Saturday, June 09, 2012

America’s Asia Military Strategy: Encirclement via Air Power

Naval presence, according to historian Eric Margolis, has not been the real issue of US military expansion in Asia, which has been aimed at a supposed encirclement strategy of China, as already half of US warships, aircraft, and logistics vessels have already been deployed in the region.

The real goal is to expand air power.

Writes Eric Margolis,

However, naval forces are no longer the primary expression of America’s power. The US Air Force has dominated much of the non-communist globe since the 1950’s and serves America’s strategic interests in the same way the Royal Navy imposed the British Empire’s military and commercial power. Air power has played the decisive role in all of America’s military victories since World War I.

The Pentagon plans to strengthen its Pacific air power. This likely includes re-establishing US air bases in the Philippines and Australia, and expanding air bases in Guam, Okinawa, and South Korea.

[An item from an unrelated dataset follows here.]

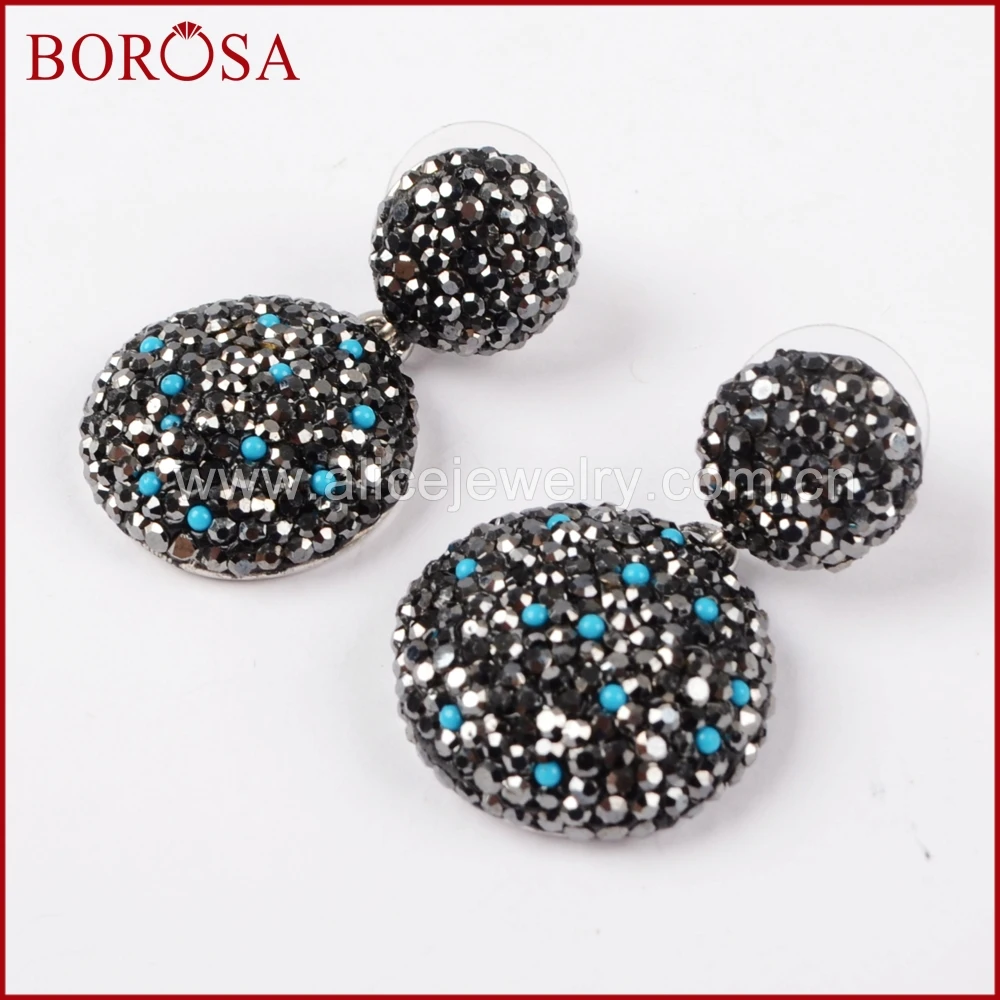 BOROSA Silver Color Round Charm Druzy Drop Earrings Handcrafted Rhinestone Pave CZ Dangle Gems Jewelry for Women JAB772 | Украшения и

America has been at war for decades. Its aircraft and warships are aging rapidly. Equally threatening, Congress may force deep military spending cuts as deficits worsen – at a time when the US military is being ordered to keep China bottled up on the Asian mainland.

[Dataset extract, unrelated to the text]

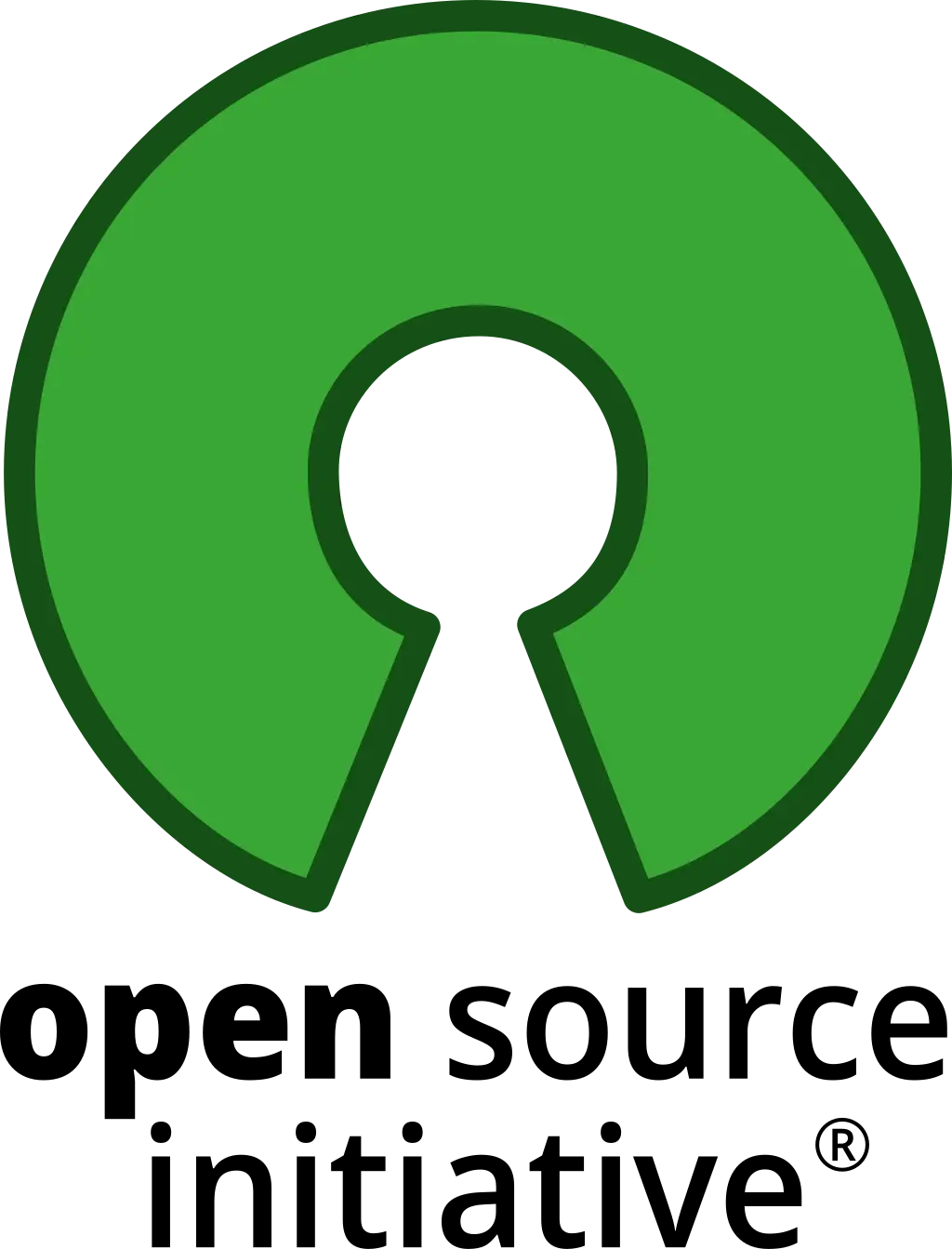 Logo der Open Source Initiative. Ein grüner Kreis mit einer Öffnung.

China need only build its military power close to home. The United States must project and maintain its naval and air power 10,000 km across the Pacific Ocean, a hugely expensive, complex undertaking that gives cash-rich China an important, even decisive advantage.

The recent report of a Drone strike against supposed terrorists in Mindanao coupled by a free hand use of Subic and Clark facilities seems to validate this theory as well as partly my theory of the stealth resurrection of US bases here.